(Crawled caption data)
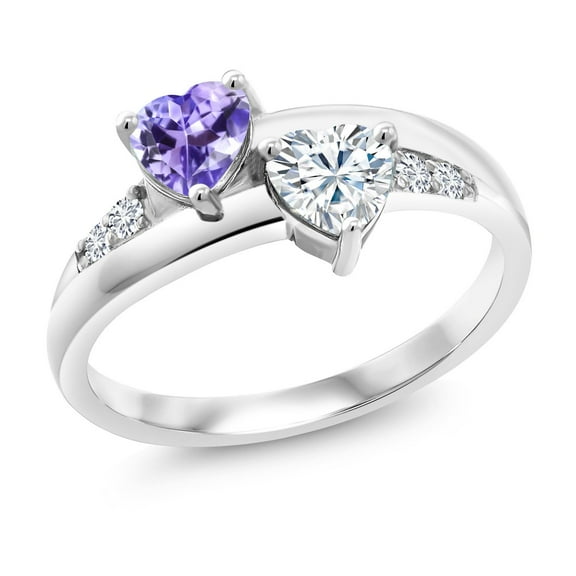 Gem Stone King 925 Sterling Silver Solitaire Lab Grown Diamond Ring Heart Shape Tanzanite Moissanite (1.00 Cttw, Size 6)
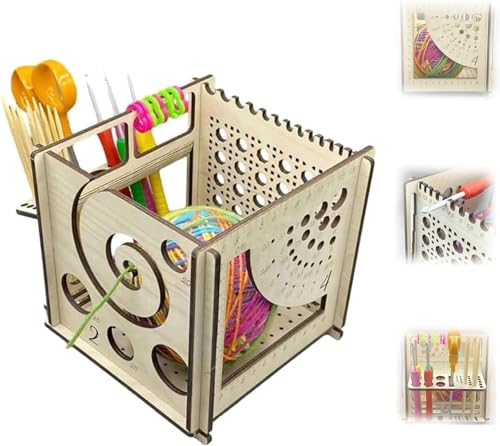 All-in-One Holzwollschale, 2024 Häkeltaschen-Organizer, Holzwollschale, Mehrzweck-Strickwerkzeug, Mehrzweck-Woll-Organizer zum Stricken, tolles Geschenk für Häkelliebhaber (1 Stück) von Figskey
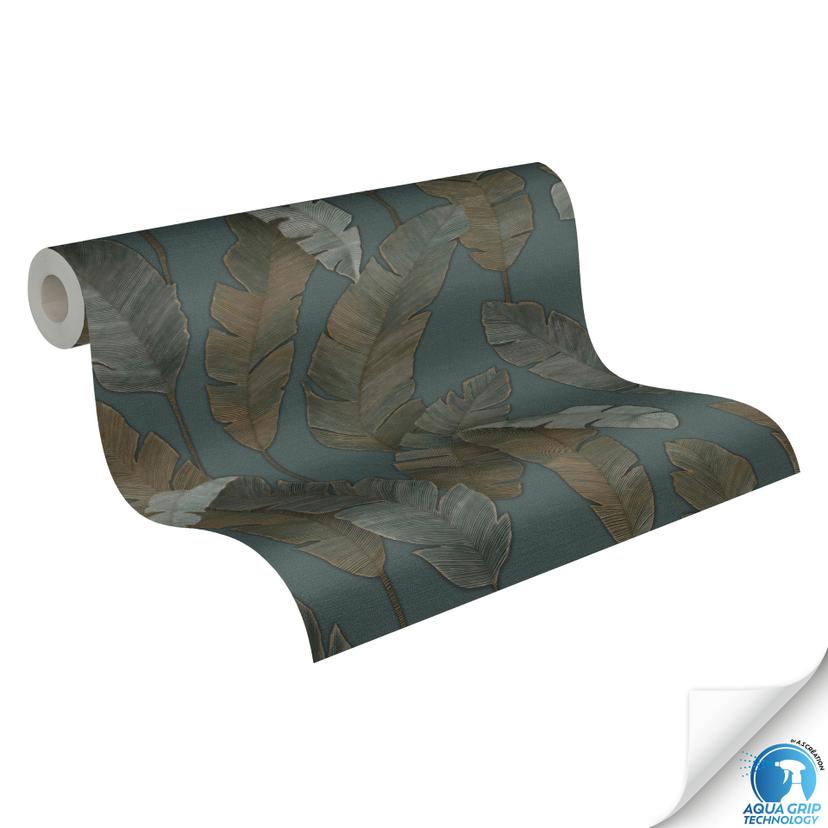 Carta da parati Jungle verde scuro bronzo - Carta da parati in tessuto non tessuto con struttura a p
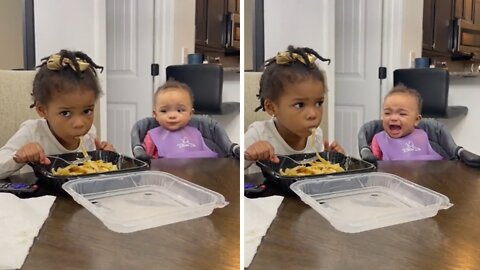 Baby Furious After Big Sister Gets Served First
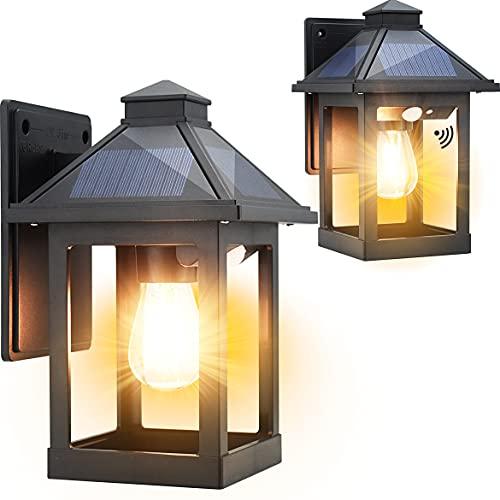 2 Pack Solar Wall Lanterns Outdoor with 3 Modes, Dusk to Dawn Motion Sensor LED Sconce Lights IP65 Waterproof, Exterior Front Porch Security Lamps Wall Mount Patio Fence Garage Decorative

→ Exercise
The entries above are to be printed again word for word, with every picture removed.

→ Exercise result
 Gem Stone King 925 Sterling Silver Solitaire Lab Grown Diamond Ring Heart Shape Tanzanite Moissanite (1.00 Cttw, Size 6)
 All-in-One Holzwollschale, 2024 Häkeltaschen-Organizer, Holzwollschale, Mehrzweck-Strickwerkzeug, Mehrzweck-Woll-Organizer zum Stricken, tolles Geschenk für Häkelliebhaber (1 Stück) von Figskey
 Carta da parati Jungle verde scuro bronzo - Carta da parati in tessuto non tessuto con struttura a p
 Baby Furious After Big Sister Gets Served First
 2 Pack Solar Wall Lanterns Outdoor with 3 Modes, Dusk to Dawn Motion Sensor LED Sconce Lights IP65 Waterproof, Exterior Front Porch Security Lamps Wall Mount Patio Fence Garage Decorative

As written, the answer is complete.